Le suggerisco di passare il fine settimana a riflettere con attenzione su quale scelta serva meglio ai suoi interessi.»

Quando se ne andò, Jacopo fischiò piano.
«Da dove è saltata fuori quella sicurezza?»

Le mani mi tremavano appena, ma sorrisi.
«Da tre mesi passati a mangiare cibo freddo in un magazzino e a rovistare nei cassonetti. Ho deciso che, se devo fallire, lo farò alle mie condizioni.

E, lo ammetto, ho passato qualche notte a guardare serie tv sulle lotte di potere nelle aziende di famiglia.

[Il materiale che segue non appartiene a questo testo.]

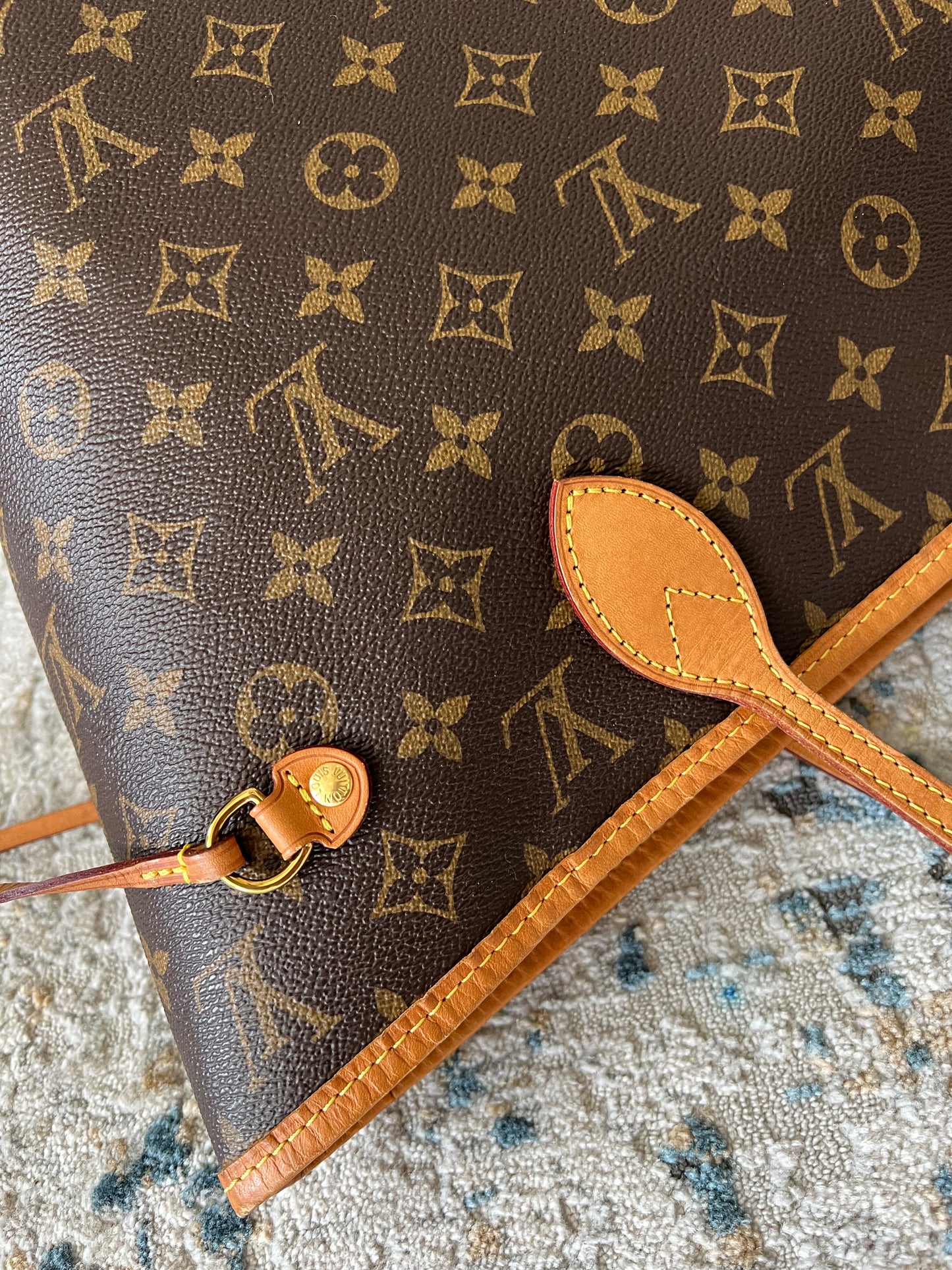 Louis Vuitton Neverful MM size Monogram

Ho imparato due o tre cose.»


Quella sera, girando da sola per gli uffici, aprii gli armadi del vecchio studio di Teodoro.

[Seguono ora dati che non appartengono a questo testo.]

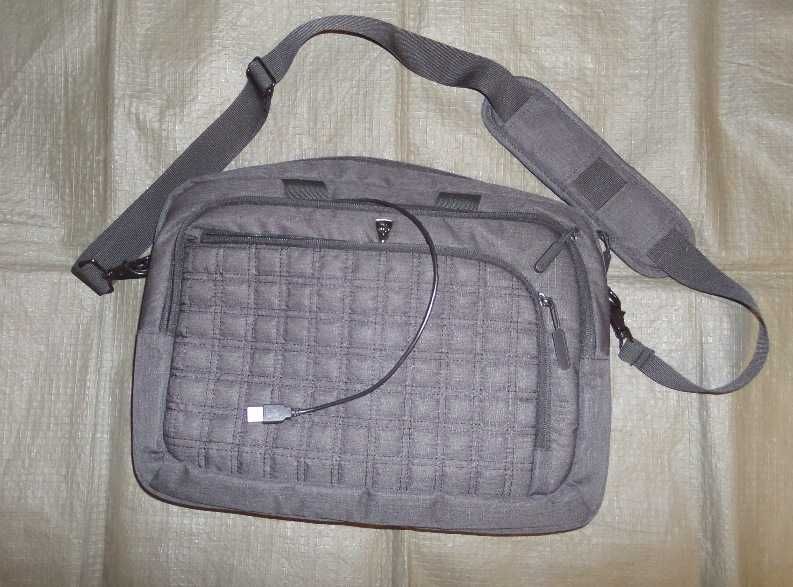 Сумка для ноутбуков 15.6/16" 2E Cross Squares, с USB портом 42Х31Х12см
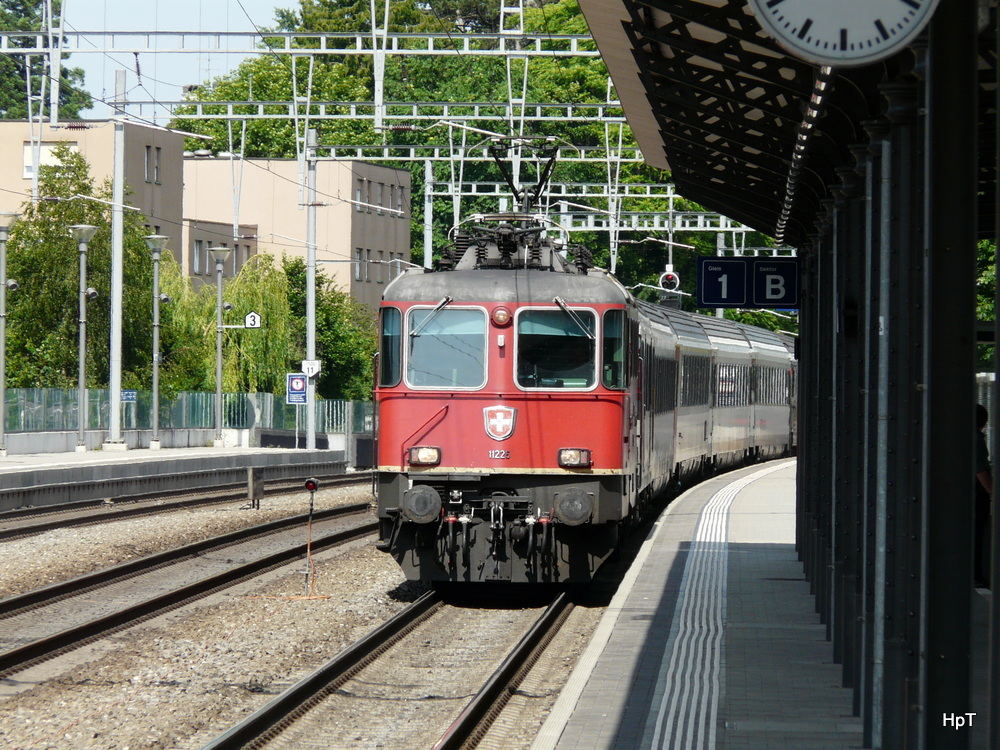 SBB - Re 4/4 11225 mit RE im Bahnhof Sissach am 15.06.2012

In uno scaffale trovai diverse cartelline con il mio nome, ordinate per anno.

Dentro c’erano copie dei miei elaborati universitari, ritagli di giornale sul mio matrimonio, foto di me e Riccardo a varie cerimonie. In ogni foto il mio sorriso diventava, anno dopo anno, più tirato.

Nell’ultima cartellina c’erano ritagli su un solo argomento: il mio divorzio.
Articoli che parlavano di come fossi “rimasta senza nulla”, copie delle sentenze che mostravano quanto male me la fossi cavata.

Sotto i documenti, piegata con cura, c’era una lettera scritta a mano da Teodoro, datata due mesi prima della sua morte.


«Sofia,
se stai leggendo questa lettera, significa che finalmente sei tornata a casa.

Mi dispiace di essere stato testardo. Avrei dovuto chiamarti mille volte. Ma ero ferito dal fatto che avessi scelto così male. E quando alla fine ho ingoiato l’orgoglio, era passato troppo tempo.

Ti ho vista rimpicciolirti, anno dopo anno.
Volevo intervenire, ma Margherita mi ha convinto che dovevi trovare da sola l’uscita.

Aveva ragione. Dovevi essere tu a scegliere di andartene.

Questa azienda è sempre stata pensata per te.
Da quando sei arrivata da me a quindici anni e ti ho trovata a studiare le mie tavole, ho capito che saresti stata la mia erede. Non perché sei famiglia, ma perché sei brillante.

Nel tuo studio c’è qualcosa di speciale nel cassetto in basso a destra dell’armadio metallico. Usalo con intelligenza.

E, Sofia, sono orgoglioso di te. Lo sono sempre stato, anche quando ero troppo testardo per dirtelo.

T.»


Tornai al palazzo quasi barcollando, con la lettera stretta in mano.

Nel quinto piano, cercai l’armadio metallico.
Il cassetto in basso a destra era chiuso a chiave, ma sotto il bordo inferiore, fissata con del nastro, trovai una piccola chiave.

Dentro c’erano diciassette raccoglitori in pelle, ognuno con un anno scritto sul dorso.
Erano i progetti di Teodoro: schizzi, bozze, tentativi, idee scartate. Non le versioni pulite dei libri, ma il processo vero. Errori, pentimenti, note su ciò che funzionava e ciò che no.

Era storia dell’architettura, nuda e cruda.

Nell’ultimo raccoglitore c’era un altro foglio.

«Questi sono i miei fallimenti.
Le strade sbagliate, le idee orribili che poi sono diventate buone.

Te li lascio perché i giovani architetti devono vedere che anche chi è considerato “un grande” ha lottato, sbagliato, ricominciato.
Usali per insegnare, per ispirare, per ricordarti che il genio non nasce finito. Si costruisce, schizzo dopo schizzo, proprio come stai ricostruendo te stessa ora.

Con affetto,
T.»

Lessi e rilessi quelle righe piangendo in silenzio nello studio illuminato solo dalle luci della città.

Entro mattina avevo un’idea.

La mattina dopo, quando Jacopo arrivò in studio, mi trovò già al tavolo da disegno.
Davanti a me, aperti, c’erano i raccoglitori di Teodoro e i miei quaderni.

«Che cos’è tutta questa carta?» chiese, appoggiandosi allo stipite.

«Un’eredità» risposi. «E un’idea.»

Mi sedetti dritta.
«Voglio creare una cosa che si chiami Borsa Rinaldi. Un programma di mentorship e tirocinio pagato per giovani architetti che non hanno agganci né famiglie ricche. Li faremo lavorare su progetti veri, li affiancheremo ai nostri team, useremo questi» – indicai i raccoglitori di Teodoro – «per mostrare loro che anche un “mostro sacro” sbaglia, riprova, cambia.»

Jacopo sfogliò uno dei raccoglitori, poi i miei quaderni.
«È costoso. Tempo, energie, stipendi» osservò.

«Lo so. Ma noi non costruiamo solo edifici. Costruiamo chi li progetterà domani» risposi. «Teodoro avrebbe amato una cosa del genere.»

Jacopo rimase in silenzio qualche istante.
Poi annuì piano.
«Sì. L’avrebbe amata molto. Parliamone con il team risorse umane e con i capi progetto. Se riusciamo a strutturarlo bene, può diventare il cuore dello studio.»